実のところ、航空会社は業績が悪化しても倒産・閉業するとは限りません。多少はマシな業績の航空会社と合併(吸収)することも多いです。

今回すでに合併へと動き出している航空会社もあります。
マレーシア航空とエアアジア等です。
もともとマレーシア航空は長年業績悪化と戦っており、2015年に国営企業傘下となることで、事実上の国営化がなされていました。
(2014年に行方不明となり、その後現在に至るまで見つかっていないマレーシア航空370便、と聞けば、思い当たる方も多いかもしれません)

こういった合併が起き、2国間をつなぐ路線が1つしか存在しない場合、値上がりする可能性は高いと言えます。競争原理が働かないからです。
第三国を経由する方法もありますが、現在の衛生意識の中で第三国を通過するのは、おそらくハードルが高くなるでしょう。

コロナによる減便で留め置かれている航空機
フランクフルト空港では、滑走路の1本を閉鎖し、飛行機の駐機場にしている。

反動で流行る可能性も

もちろん悲観的な見方ばかりではありません。楽観的な要素も追加しておこうと思います。

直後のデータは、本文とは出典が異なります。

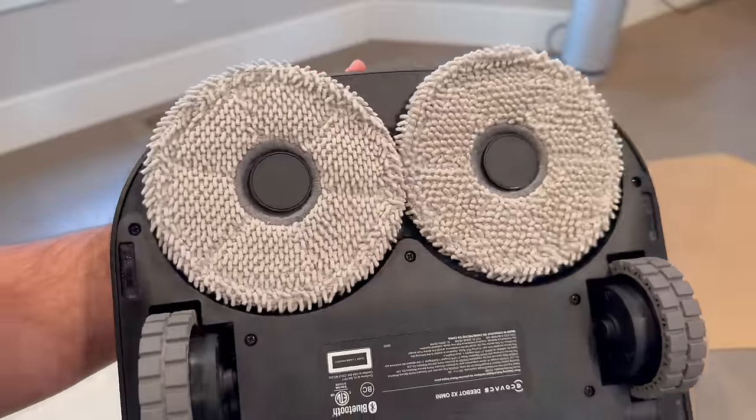As you can see inside the base station, you've got two reservoirs — one for clean water and one where it puts the dirty water. Then when that dirty water reservoir gets full, you just pour it out and put the empty basin back inside. So the X2 Omni is not just keeping your floors clean, it's also keeping itself clean, which ensures a high level of hygiene. The fact that it handles this itself instead of you having to do it is the best part.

今年に入って多くの人が海外旅行を我慢しています。定期的に海外に行くことを生きる糧としている人、海外で暮らしている友人・家族と、無事でいる喜びを分かち合いたい人もいることでしょう。
コロナが終息した際、そうした人達の需要も決して無視できません。
開放ムードで盛り上がることは、コロナ終息にあたって危険なことではありますが、もしワクチンや治療薬が確立されていたなら話は別です。反動で盛り上がる可能性すらあります。

更に多くの政府は、旅行業界を支援することを決めています。
それは直接的な金銭援助だけでなく、旅行費の補助も含まれます。
例えば日本でも、旅行費の補助として「1.4兆円」もの予算が当てられます。
(参照:観光経済新聞
多くの補助は国内旅行向けではありますが、海外旅行にも多少の補助が行われる可能性は低くありません。

何よりも海外旅行はすばらしい体験です。異文化に触れることは人生を豊かにします。
世界が向かう流れの一つに「モノ消費」から「コト消費」への転換が挙げられています。
確かに旅行業界は大きな打撃を受けましたが、本当に長期的な目線で見た場合、その未来は決して悲観するものでは有りません。

ギリシャ サントリーニ島の素晴らしい夜景

リスクはあるかもしれませんが、私は海外旅行に「行きたい」です。
旅行業界で仕事をされている方は、いつコロナが終息するのかと、一日千秋の想いで過ごされているかと思います。
もう少し待っていて下さい。いずれコロナが終息した際、生き残った旅行業界を積極的に支援したいと私は感じています。あなたはどうですか?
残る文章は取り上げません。